1. ## Polar to cartesian

Find the cartesian equation of $r^2 = 9\csc(20)$?
choices:
A. xy = 9
B. 3xy = 9
C. 2xy = 9
D. 4xy = 9

This is what ive done

$(r^2= \frac{9}{\sin(20)}) \frac{1}{r}$

$\sqrt{x^2 + y^2} = \frac{9}{y}$

$x^2 + y^2 = \frac{81}{y^2}$

$y^2(x^2 + y^2) = 81$

2. ## Re: Polar to cartesian

Originally Posted by TechnicianEngineer
Find the cartesian equation of $r^2 = 9\csc(20)$?
choices:
A. xy = 9
B. 3xy = 9
C. 2xy = 9
D. 4xy = 9

This is what ive done

$(r^2= \frac{9}{\sin(20)}) \frac{1}{r}$

$\sqrt{x^2 + y^2} = \frac{9}{y}$

$x^2 + y^2 = \frac{81}{y^2}$

$y^2(x^2 + y^2) = 81$
Why has 1/r appeared - out of nowhere - in the first line?

$r^2 = \frac{9}{\sin \theta} \Rightarrow r = \frac{9}{r \sin \theta} \Rightarrow \sqrt{x^2 + y^2} = \frac{9}{y} \Rightarrow ....$

I don't agree with any of the given options.

Edit: OK, this is what happens when someone uses poor notation to express an equation.
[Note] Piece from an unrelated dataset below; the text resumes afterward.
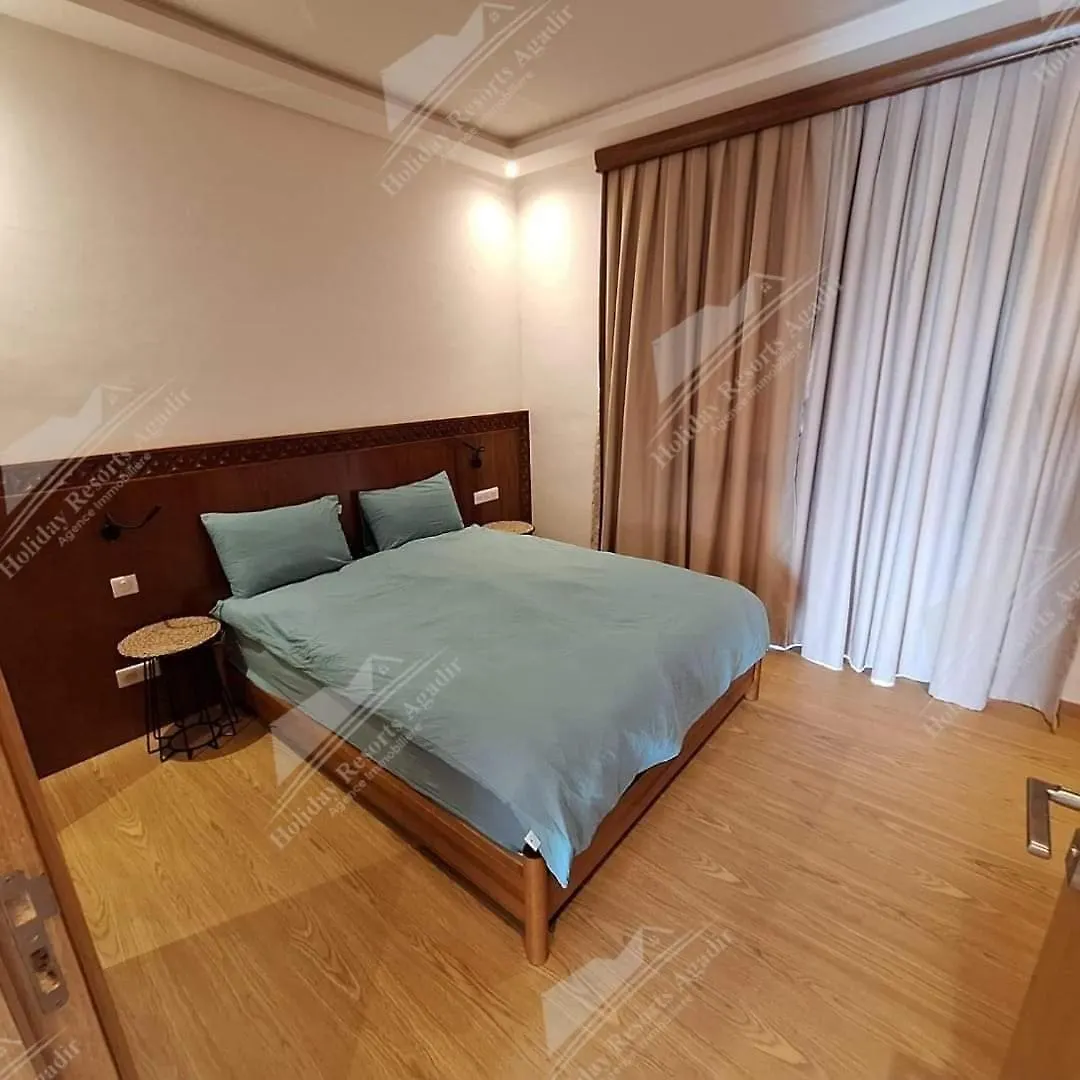 Just Beachy Apartment Ocean & Golf View Taghazout Bay Taouirt أغادير المغرب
No doubt the 20 is meant to be $2 \theta$, in which case you have $r^2 = \frac{9}{\sin (2 \theta)} \Rightarrow r^2 = \frac{9}{2 \sin (\theta) \cos (\theta)} \Rightarrow 1 = \frac{9}{2 r \sin (\theta) r \cos (\theta)} \Rightarrow ....$

3. ## Re: Polar to cartesian

Hello, TechnicianEngineer!

$\text{Find the cartesian equation of: }\:r^2 \:=\: 9\csc(2\theta)$

. . $(A)\;xy \,=\, 9 \qquad (B)\; 3xy \,=\, 9 \qquad (C)\; 2xy \,=\, 9 \qquad (D)\; 4xy \,=\, 9$

This is the way I would do it . . .

. . . . . . . . . . . . . $r^2 \:=\:9\csc(2\theta)$

. . . . . . . . . . . . . $r^2 \:=\:\frac{9}{\sin(2\theta)}$

m . . . . . . $r^2\sin(2\theta) \:=\:9$

. . . . $r^2(2\sin\theta\cos\theta) \:=\:9$

. . $2\overbrace{(r\cos\theta)}^{\text{This is }x}\underbrace{(r\sin\theta)}_{\text{This is }y} \;=\;9$

n . . . . . . . . . . $2xy \;=\;9 \quad\text{ answer (C)}$

4. ## Re: Polar to cartesian

i apologize that the questionnaire was not well photocopied
i myself thought it was csc(20)